A Stable Distance Persistence Homology for Dynamic Bayesian Network Clustering
Authors: Will Bales, Carmen Rovi
Summary
The authors introduce a topological approach to analyzing Dynamic Bayesian Networks (DBNs) by converting them into time-varying graphs where edge strength measures variation in conditional dependence across parent configurations. Applying persistent homology to these graphs produces a "barcode" summarizing how groups of strongly dependent variables merge and disappear over time, and they prove this barcode is stable (robust to small perturbations in the conditional probability tables).
Main takeaways:
- Standard DBN inference focuses on local conditional distributions and can miss large-scale patterns in dependency structure.
- They assign each edge a strength measuring conditional dependence variation, retaining strong edges above a threshold.
- Persistent homology produces a barcode recording when connected groups of strongly dependent variables merge or disappear.
- The barcode is stable: small perturbations in the DBN's conditional probability tables lead to small barcode changes.
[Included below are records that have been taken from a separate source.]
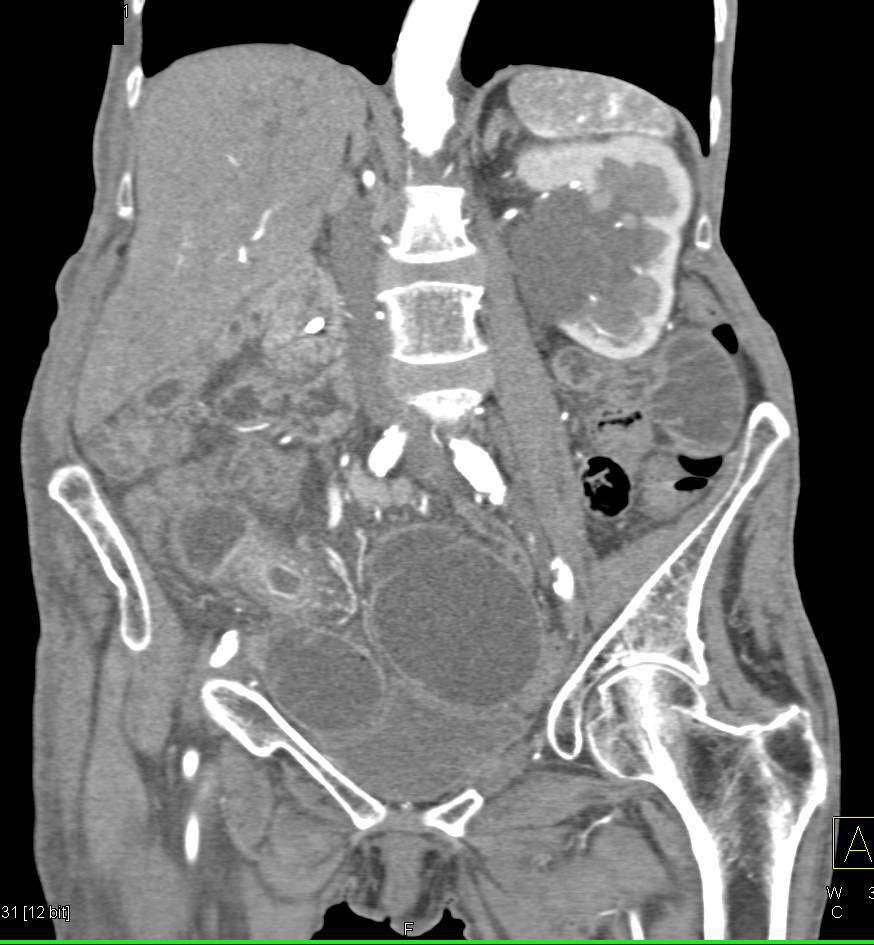 Small Bowel Obstruction due to Thickened Terminal Ileum in Crohn's Disease Patient - CTisus CT Scan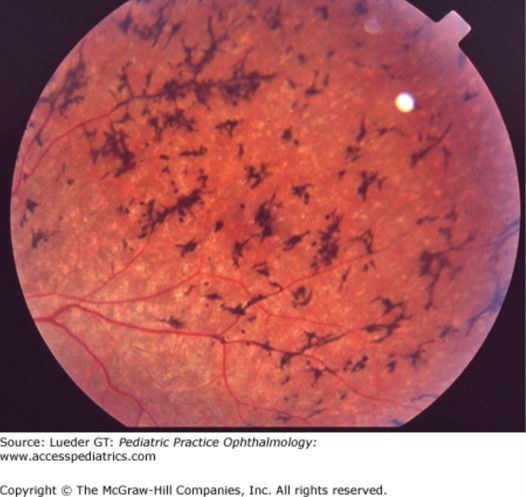 Inherited Disorders of Retinal Function Diagnosis 
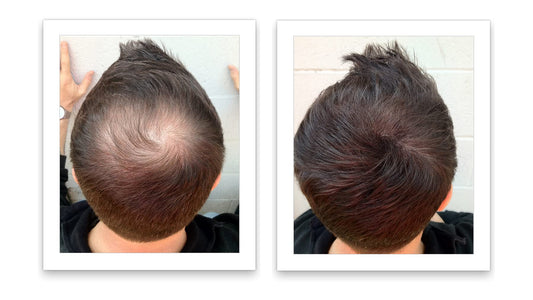 Caboki concealer widens the hair part with seamless texture.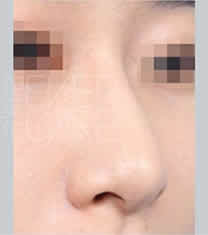 北京伊美尔医疗美容耳软骨隆鼻案例对比图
- Provides a noise-resistant summary of evolving dependency structure in dynamic Bayesian networks.
Relevance
Not directly related to my persona/midtraining work — this is about probabilistic graphical models and topological data analysis, not about language model behavioral installation or persona geometry.
Abstract
arXiv:2605.11226v1 Announce Type: cross Abstract: Dynamic Bayesian networks (DBNs) are a widely used framework for modeling systems whose probabilistic structure evolves over time. Standard inference methods focus on local conditional distributions and can miss larger-scale patterns in how dependencies between variables organize and change over time. We introduce a topological approach to this problem. To each DBN we associate a time-varying graph, called a Dynamic Bayesian Graph (DBG), by assigning to each edge a strength that measures variation in its conditional dependence across parent configurations, and retaining edges whose strength exceeds a chosen threshold. We show that this construction fits within the dynamic graph framework of Kim and M'emoli, enabling the use of tools from topological data analysis. Applying persistent homology to a DBG produces a barcode, which records the merging and disappearance of connected groups of strongly dependent variables over time. We prove that this barcode is stable: small perturbations in the conditional probability tables of the DBN lead to small changes in the resulting barcode. This yields a principled and noise-resistant summary of how dependency structure evolves in a dynamic Bayesian network.